All Things Wise and Wonderful by James Herriot

All Things Wise and Wonderful by James Herriot

Author:James Herriot [Herriot, James]
Language: eng
Format: epub, mobi, azw
ISBN: 9781453234501
Publisher: Open Road Media
Published: 2011-11-15T08:00:00+00:00


CHAPTER 27

AT LAST WE WERE on our way to Flying School. It was at Windsor and that didn’t seem far on the map, but it was a typical wartime journey of endless stops and changes and interminable waits. It went on all through the night and we took our sleep in snatches. I stole an hour’s fitful slumber on the waiting-room table at a tiny nameless station and despite my hard pillowless bed I drifted deliriously back to Darrowby.

I was bumping along the rutted track to Nether Lees Farm, hanging on to the jerking wheel. I could see the house below me, its faded red tiles showing above the sheltering trees, and behind the buildings the scrubby hillside rose to the moor.

Up there the trees were stunted and sparse and dotted widely over the steep flanks. Higher still there was only scree and cliff and right at the top, beckoning in the sunshine, I saw the beginning of the moor—smooth, unbroken and bare.

A scar on the broad sweep of green showed where long ago they quarried the stones to build the massive farmhouses and the enduring walls which have stood against the unrelenting climate for hundreds of years. Those houses and those endlessly marching walls would still be there when I was gone and forgotten.
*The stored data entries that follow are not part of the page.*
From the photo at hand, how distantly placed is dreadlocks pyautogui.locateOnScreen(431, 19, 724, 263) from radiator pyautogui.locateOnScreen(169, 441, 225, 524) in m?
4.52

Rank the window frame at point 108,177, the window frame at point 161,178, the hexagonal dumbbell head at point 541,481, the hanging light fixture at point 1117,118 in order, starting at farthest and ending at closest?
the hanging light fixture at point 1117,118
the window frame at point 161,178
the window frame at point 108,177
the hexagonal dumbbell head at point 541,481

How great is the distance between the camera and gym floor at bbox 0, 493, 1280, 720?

Helen was with me in the car. I loved it when she came with me on my rounds, and after the visit to the farm we climbed up the fell-side, panting through the scent of the warm bracken, feeling the old excitement as we neared the summit.

Then we were on the top, facing into the wide free moorland and the clean Yorkshire wind and the cloud shadows racing over the greens and browns. Helen’s hand was warm in mine as we wandered among the heather through green islets nibbled to a velvet sward by the sheep. She raised a finger as a curlew’s lonely cry sounded across the wild tapestry and the wonder in her eyes shone through the dark flurry of hair blowing across her face.
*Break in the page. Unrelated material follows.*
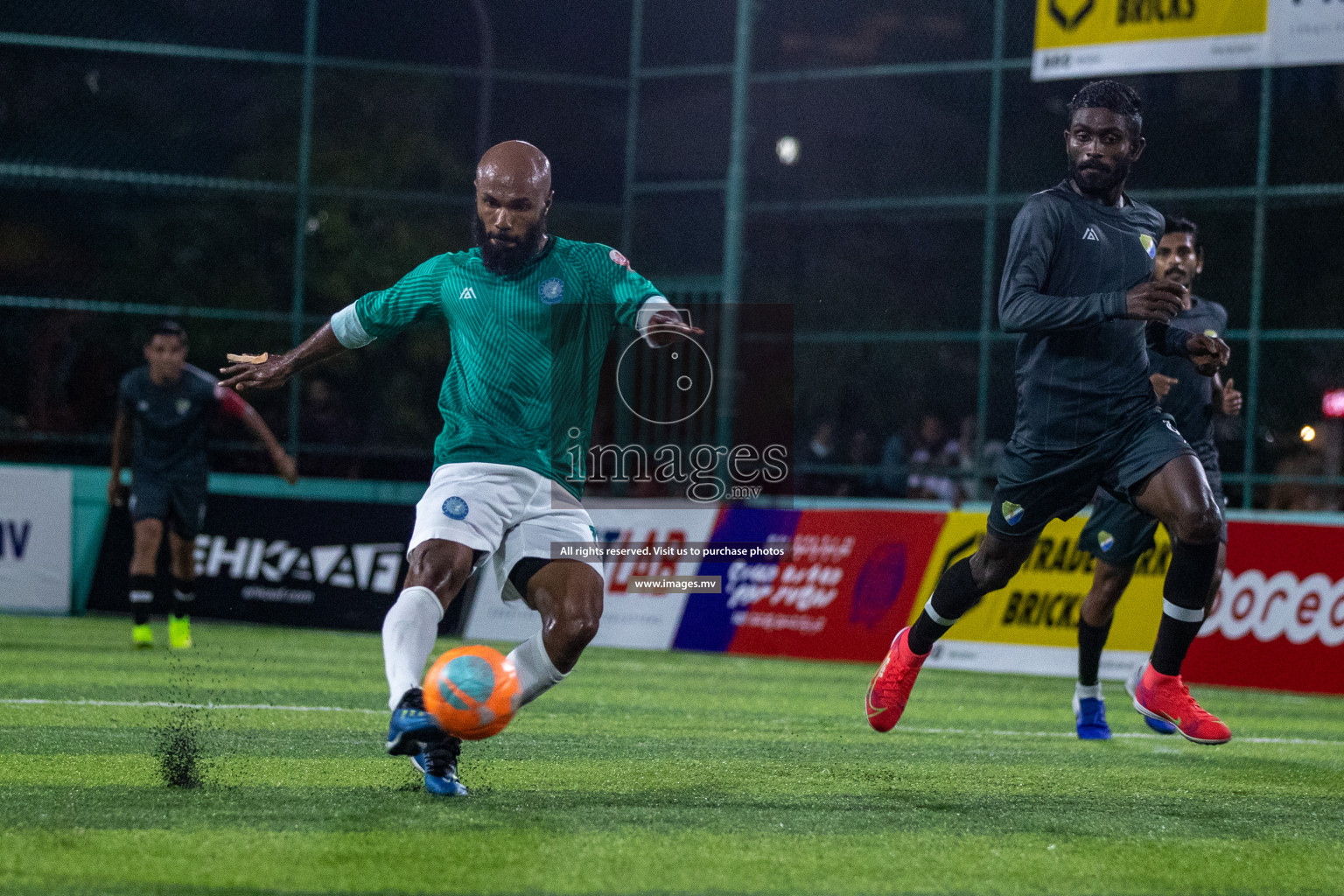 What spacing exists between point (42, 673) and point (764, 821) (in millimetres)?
5939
The gentle shaking at my shoulder pulled me back to wakefulness, to the hiss of steam and the clatter of boots. The table top was hard against my hip and my neck was stiff where it had rested on my pack.

“Train’s in, Jim.” An airman was looking down at me. “I hated to wake you—you were smiling.”
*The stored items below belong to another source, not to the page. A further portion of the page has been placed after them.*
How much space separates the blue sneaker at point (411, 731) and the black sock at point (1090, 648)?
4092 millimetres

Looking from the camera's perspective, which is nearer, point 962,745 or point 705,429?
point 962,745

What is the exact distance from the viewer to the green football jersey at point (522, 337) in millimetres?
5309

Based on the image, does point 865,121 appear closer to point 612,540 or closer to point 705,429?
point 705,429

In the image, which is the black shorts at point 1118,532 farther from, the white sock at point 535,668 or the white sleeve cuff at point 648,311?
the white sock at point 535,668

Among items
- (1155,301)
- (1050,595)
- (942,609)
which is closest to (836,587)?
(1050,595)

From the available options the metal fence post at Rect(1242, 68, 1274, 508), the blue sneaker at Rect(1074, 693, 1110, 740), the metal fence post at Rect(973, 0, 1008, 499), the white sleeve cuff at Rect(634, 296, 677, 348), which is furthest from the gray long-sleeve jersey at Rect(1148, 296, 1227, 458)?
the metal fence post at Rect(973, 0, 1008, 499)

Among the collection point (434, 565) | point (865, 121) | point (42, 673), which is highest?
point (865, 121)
Two hours later, sweaty, unshaven, half asleep, laden with kit, we shuffled into the airfield at Windsor. Sitting in the wooden building we only half listened to the corporal giving us our introductory address. Then suddenly his words struck home.

“There’s one other thing,” he said. “Remember to wear your identity discs at all times. We had two prangs last week—couple of fellers burned beyond recognition and neither of ’em was wearing his discs. We didn’t know who they were.” He spread his hands appealingly. “This sort of thing makes a lot of work for us, so remember what I’ve told you.”

In a moment we were all wide awake and listening intently.